YOUR TASK >>
Please report, as a single number, how many lines in the entries include the string "Green".
--- SOURCE DATA Enclosed Below ---
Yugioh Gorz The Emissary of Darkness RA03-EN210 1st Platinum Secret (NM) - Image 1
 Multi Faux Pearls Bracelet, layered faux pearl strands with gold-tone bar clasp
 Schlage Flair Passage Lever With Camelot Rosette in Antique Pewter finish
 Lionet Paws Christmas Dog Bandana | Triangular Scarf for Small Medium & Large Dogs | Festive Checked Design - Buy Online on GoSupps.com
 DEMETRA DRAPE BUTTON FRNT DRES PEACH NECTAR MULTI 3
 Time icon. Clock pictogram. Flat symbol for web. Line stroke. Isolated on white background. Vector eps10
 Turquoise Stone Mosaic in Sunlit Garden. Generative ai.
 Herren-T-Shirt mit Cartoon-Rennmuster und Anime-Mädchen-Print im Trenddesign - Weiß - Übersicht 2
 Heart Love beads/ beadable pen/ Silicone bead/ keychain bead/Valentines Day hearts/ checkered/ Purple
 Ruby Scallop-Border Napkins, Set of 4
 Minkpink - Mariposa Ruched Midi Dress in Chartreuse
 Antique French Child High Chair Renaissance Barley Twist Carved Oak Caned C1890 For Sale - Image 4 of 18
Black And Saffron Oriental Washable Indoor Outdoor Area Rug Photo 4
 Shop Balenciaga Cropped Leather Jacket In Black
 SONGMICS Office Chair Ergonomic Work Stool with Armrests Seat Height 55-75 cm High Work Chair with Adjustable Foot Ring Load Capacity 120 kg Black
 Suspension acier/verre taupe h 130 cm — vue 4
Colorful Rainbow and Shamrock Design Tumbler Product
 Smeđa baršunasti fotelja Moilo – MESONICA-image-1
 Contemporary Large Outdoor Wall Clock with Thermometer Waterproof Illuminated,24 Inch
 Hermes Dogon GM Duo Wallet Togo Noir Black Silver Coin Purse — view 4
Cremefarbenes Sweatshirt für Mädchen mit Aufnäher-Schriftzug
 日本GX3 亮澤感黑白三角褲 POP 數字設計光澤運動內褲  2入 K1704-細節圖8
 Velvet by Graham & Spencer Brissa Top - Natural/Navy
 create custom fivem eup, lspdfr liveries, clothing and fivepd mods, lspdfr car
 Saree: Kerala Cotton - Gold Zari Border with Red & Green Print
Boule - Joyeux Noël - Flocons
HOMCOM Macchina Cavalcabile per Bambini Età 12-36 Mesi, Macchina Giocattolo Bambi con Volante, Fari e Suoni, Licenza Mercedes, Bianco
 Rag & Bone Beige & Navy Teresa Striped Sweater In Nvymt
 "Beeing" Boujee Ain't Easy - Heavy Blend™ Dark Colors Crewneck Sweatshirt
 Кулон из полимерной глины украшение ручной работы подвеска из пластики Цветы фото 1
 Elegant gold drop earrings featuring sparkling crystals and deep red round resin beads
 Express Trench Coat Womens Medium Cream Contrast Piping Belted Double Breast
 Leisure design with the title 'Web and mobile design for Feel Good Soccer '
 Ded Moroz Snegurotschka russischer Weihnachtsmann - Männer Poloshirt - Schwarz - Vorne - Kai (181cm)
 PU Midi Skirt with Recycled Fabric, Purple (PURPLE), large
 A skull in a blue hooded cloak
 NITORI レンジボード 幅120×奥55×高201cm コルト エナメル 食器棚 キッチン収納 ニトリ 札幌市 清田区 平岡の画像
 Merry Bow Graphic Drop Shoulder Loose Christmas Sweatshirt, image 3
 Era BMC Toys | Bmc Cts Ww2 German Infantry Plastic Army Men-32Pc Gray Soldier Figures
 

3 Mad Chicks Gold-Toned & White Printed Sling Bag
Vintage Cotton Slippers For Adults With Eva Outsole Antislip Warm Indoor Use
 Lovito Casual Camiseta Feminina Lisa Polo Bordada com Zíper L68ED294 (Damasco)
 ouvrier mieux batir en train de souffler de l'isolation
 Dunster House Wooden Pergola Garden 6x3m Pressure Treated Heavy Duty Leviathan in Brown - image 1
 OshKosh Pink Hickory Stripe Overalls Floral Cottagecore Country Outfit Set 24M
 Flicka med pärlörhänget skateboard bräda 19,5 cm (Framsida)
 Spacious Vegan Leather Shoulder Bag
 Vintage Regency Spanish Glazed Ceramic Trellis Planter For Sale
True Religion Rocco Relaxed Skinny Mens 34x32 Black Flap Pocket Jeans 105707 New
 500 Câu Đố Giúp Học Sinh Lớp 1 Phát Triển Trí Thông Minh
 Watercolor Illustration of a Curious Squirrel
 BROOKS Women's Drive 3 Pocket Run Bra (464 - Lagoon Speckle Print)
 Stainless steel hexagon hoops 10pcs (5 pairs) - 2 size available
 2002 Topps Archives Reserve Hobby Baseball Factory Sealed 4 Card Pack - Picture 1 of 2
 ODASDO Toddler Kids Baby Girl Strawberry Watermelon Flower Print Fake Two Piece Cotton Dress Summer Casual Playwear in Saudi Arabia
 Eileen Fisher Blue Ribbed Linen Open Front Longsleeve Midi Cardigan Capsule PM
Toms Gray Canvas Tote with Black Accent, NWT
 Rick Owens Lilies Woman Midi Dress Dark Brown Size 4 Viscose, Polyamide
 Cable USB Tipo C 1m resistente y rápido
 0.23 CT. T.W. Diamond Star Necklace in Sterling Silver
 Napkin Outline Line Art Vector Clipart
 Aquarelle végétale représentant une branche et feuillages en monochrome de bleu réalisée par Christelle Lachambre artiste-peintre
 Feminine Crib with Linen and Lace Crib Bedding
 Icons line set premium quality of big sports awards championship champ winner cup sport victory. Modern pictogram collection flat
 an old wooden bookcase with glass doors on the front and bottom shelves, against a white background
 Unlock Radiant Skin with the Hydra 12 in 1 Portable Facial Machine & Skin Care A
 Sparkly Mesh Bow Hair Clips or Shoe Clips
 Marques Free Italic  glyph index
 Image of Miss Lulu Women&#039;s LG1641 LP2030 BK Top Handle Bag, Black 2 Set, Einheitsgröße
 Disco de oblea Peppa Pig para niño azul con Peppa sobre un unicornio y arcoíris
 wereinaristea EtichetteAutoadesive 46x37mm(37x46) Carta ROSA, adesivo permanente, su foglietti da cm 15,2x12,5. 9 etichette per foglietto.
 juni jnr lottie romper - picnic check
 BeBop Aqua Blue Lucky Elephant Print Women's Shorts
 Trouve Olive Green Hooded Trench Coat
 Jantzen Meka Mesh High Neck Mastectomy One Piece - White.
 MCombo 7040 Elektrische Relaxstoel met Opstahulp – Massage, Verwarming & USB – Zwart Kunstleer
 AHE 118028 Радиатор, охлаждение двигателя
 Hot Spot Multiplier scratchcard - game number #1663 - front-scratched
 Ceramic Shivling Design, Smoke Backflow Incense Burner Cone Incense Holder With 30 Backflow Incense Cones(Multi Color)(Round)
--- End of Enclosed SOURCE DATA ---
COMPLETED TASK >>
2